# Braxton is home



## CorgiPaws (Mar 31, 2009)

Braxton is home...
And I don't think I could be any more in love.


----------



## DaneMama (Jun 27, 2008)

Gah!!!! He's huge!!! And so stinkin' handsome!!! Can't wait to see him again in about a month!!!


----------



## CorgiPaws (Mar 31, 2009)

DaneMama said:


> Gah!!!! He's huge!!! And so stinkin' handsome!!! Can't wait to see him again in about a month!!!


I know! He's gotten SO much bigger since we went to see the litter a few weeks ago. He's a big puppy!! I am so so so in love with him. He's PERFECT. And adjusting to the others just fine. Annie LOVES "babies" and Zailey is just plain cute with him.


----------



## DaneMama (Jun 27, 2008)

How much does he weigh now?


----------



## CorgiPaws (Mar 31, 2009)

DaneMama said:


> How much does he weigh now?


He went straight to the vet today, and was just shy of 15 lbs.


----------



## Adam76 (Dec 24, 2010)

Thats great you finally have him home, he looks awesome.


----------



## DaneMama (Jun 27, 2008)

Big guy!!! Zuri was 12 pounds at 8 weeks, Akasha was 9 pounds at 8 weeks and Bailey was 24 pounds at 8.5 weeks...Bailey's puppies were about 14-20 pounds at 8 weeks. I'd say he's right on track :thumb: :biggrin:


----------



## chowder (Sep 7, 2008)

He's adorable! You guys are so lucky to have a new puppy......now I really have a bad case of puppy fever (and I know there's no cure for it!!)


----------



## Janet At Nutro (Mar 11, 2011)

I am so excited for you!
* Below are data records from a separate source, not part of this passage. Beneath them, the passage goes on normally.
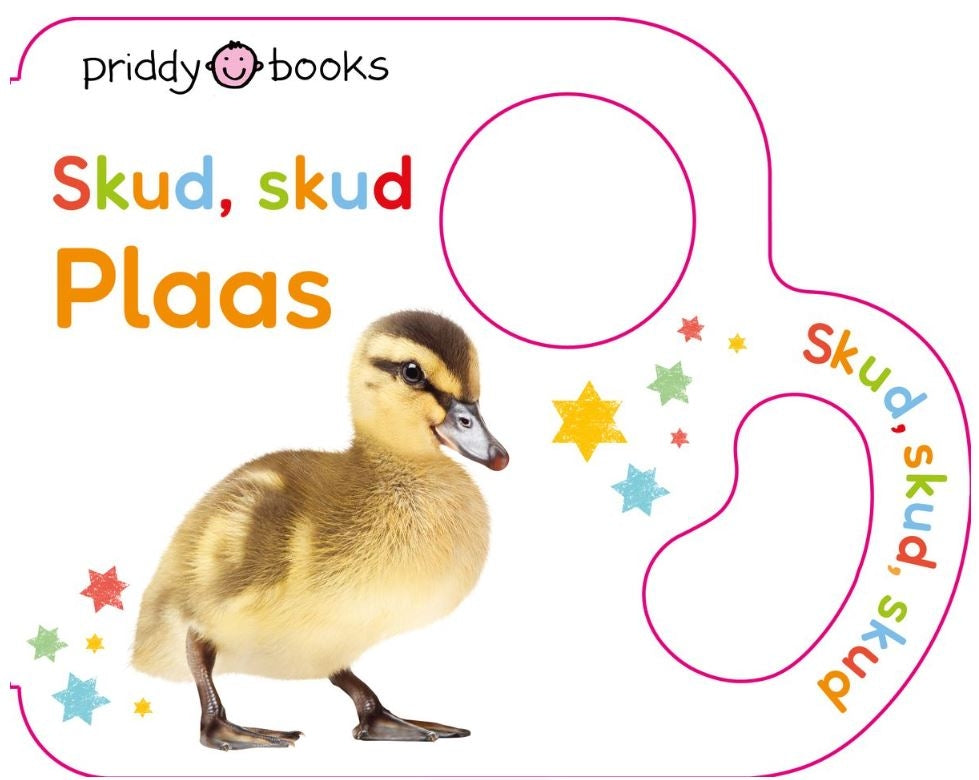 Skud Skud: Plaas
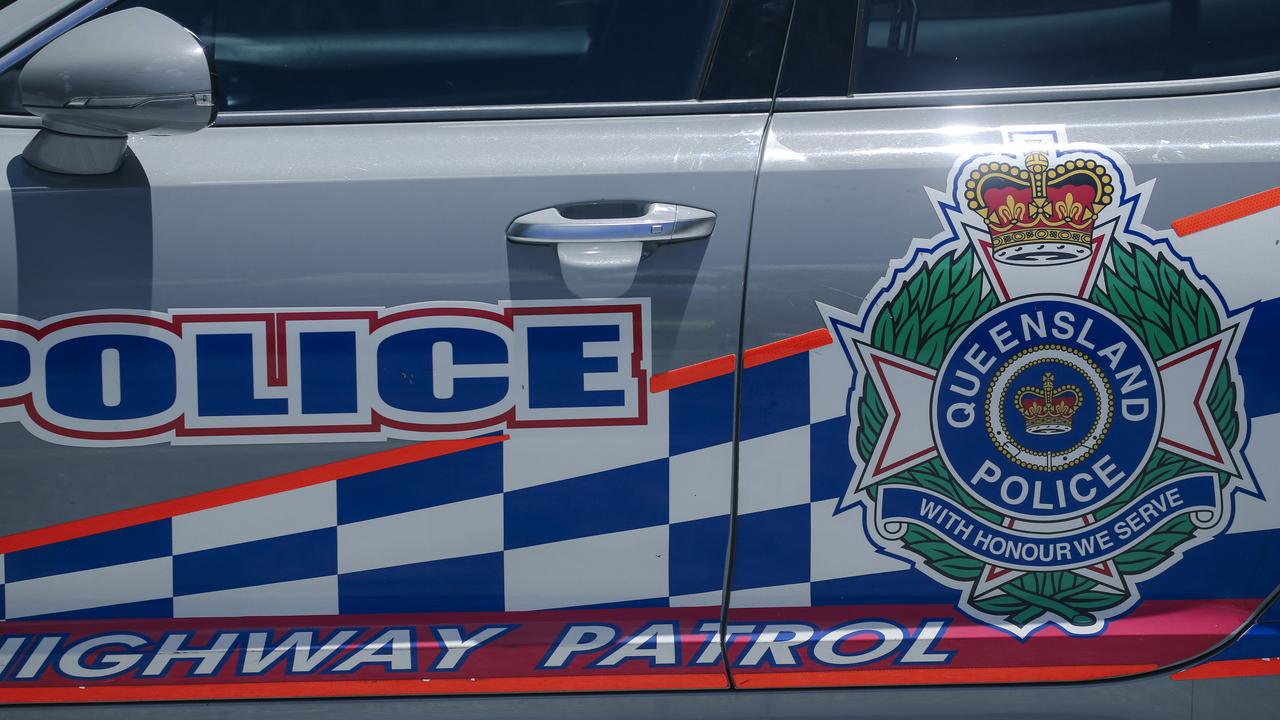 Seven teenagers from Cairns and Townsville have been charged with vehicle theft and dangerous driving. Picture: NewsWire / Glenn Campbell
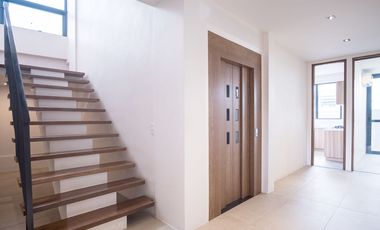 House and Lot For sale in San Juan City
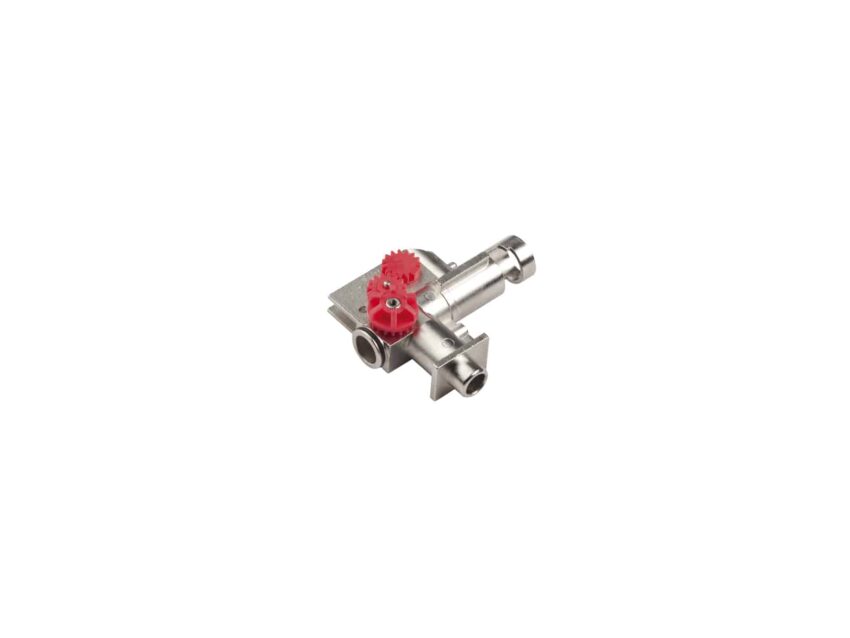 CHAMBRE HOP UP M15 / M16 SERIES - Vue principale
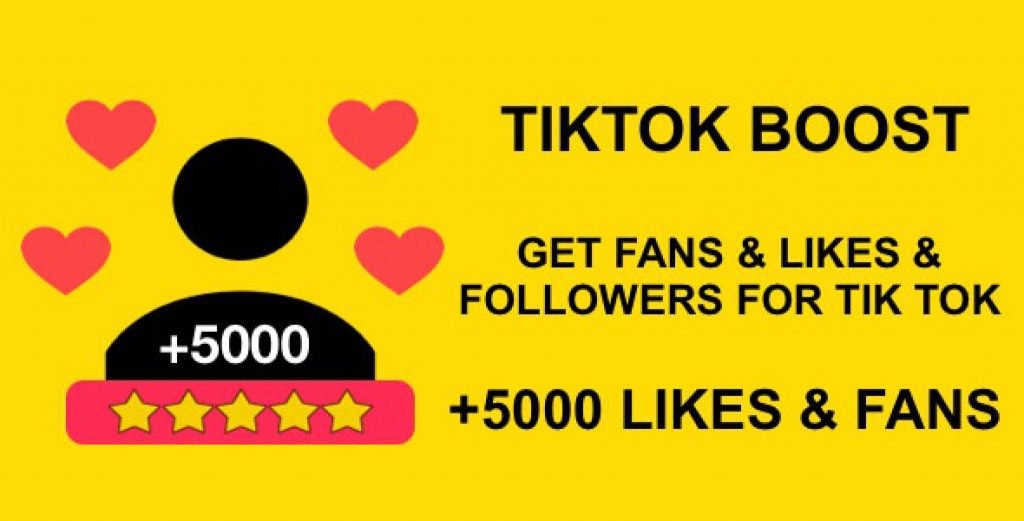 buy tiktok followers Australia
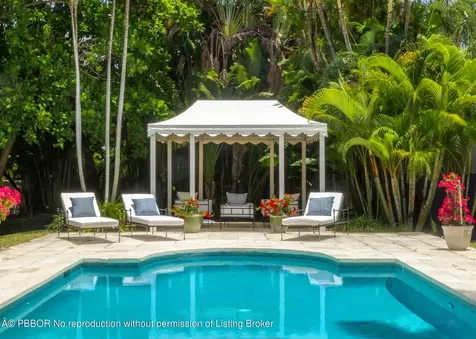 145 Clarendon Avenue Palm Beach FL 33480
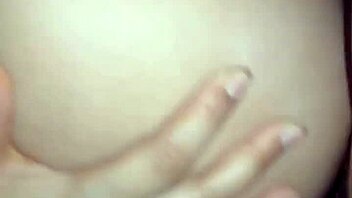 Doble Penetracion Vajinal Con Mi Dildo Y Mi Vecino Leads To Intense Neighbor Toy Action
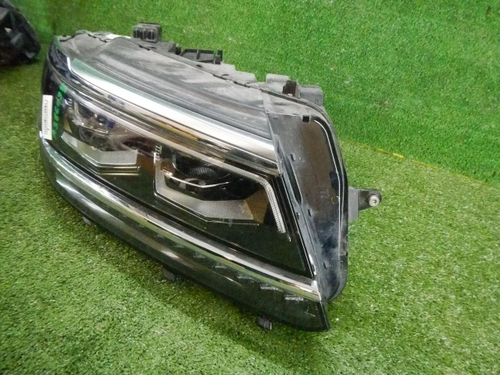 Фара правая VW Tiguan 2 (2016-2020) Full LED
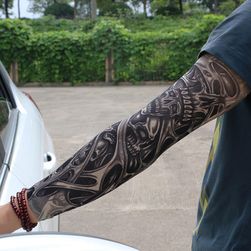 Tatoo rokav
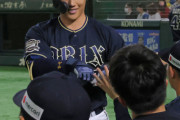 【野球】鈴木誠也〝効果〟で評価高騰！　オリックス・吉田正のメジャー移籍に現実味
Braxton is so cute!


----------



## Tobi (Mar 18, 2011)

adorable adorable adorable... can't wait to watch him grow!!! :biggrin:
But you're brave idk what i would do with one more dog, let alone 6 :lol:


----------



## SilverBeat (Jan 16, 2011)

bxusiadbuisabfuisdbfuisdbfuidsbafui SO CUTE.


----------



## Lisa_j (Apr 7, 2011)

Oh, my..... how sweet!!! Puppy breath and all!!!


----------



## Northwoods10 (Nov 22, 2010)

What a doll!!!! 

Congratulations....Braxton is one gorgeous pooch!!! And we all know he'll be fed well! :wink:


----------



## CorgiPaws (Mar 31, 2009)

Northwoods10 said:


> And we all know he'll be fed well! :wink:


Well, he is a DOG after all!
:biggrin:


----------



## Rottnk9s (Jun 28, 2010)

He is super cute!!!!


----------



## Ania's Mommy (Feb 8, 2009)

Oh crap. What a stinkin' SWEETHEART!!! Though I can't wait to watch him grow, I kinda want him to stay all cute an' little.  Hey! That's an idea! You, Jon, and Natalie could work on creating MINIATURE Danes!ound:

I'm so glad he's home! How's it going for the little guy?


----------



## Onyxmom2 (Jan 10, 2011)

How fun, congrats!!! He is gorgeous!!


----------



## luvMyBRT (Mar 8, 2010)

Sweet baby boy! No wonder you're in love! He is a doll. I really hope that he works out in your breeding program. His coloring is really striking. Keep the pictures coming! :tongue:

Can you and Natalie start working on creating a Dane that doesn't shed?? Okay...great...thank you very much. :thumb:


----------



## KlaMarie (Dec 30, 2010)

He is so handsome!!!!


----------



## Janet At Nutro (Mar 11, 2011)

So how did your first night go with Braxton? What did he weight at birth?


----------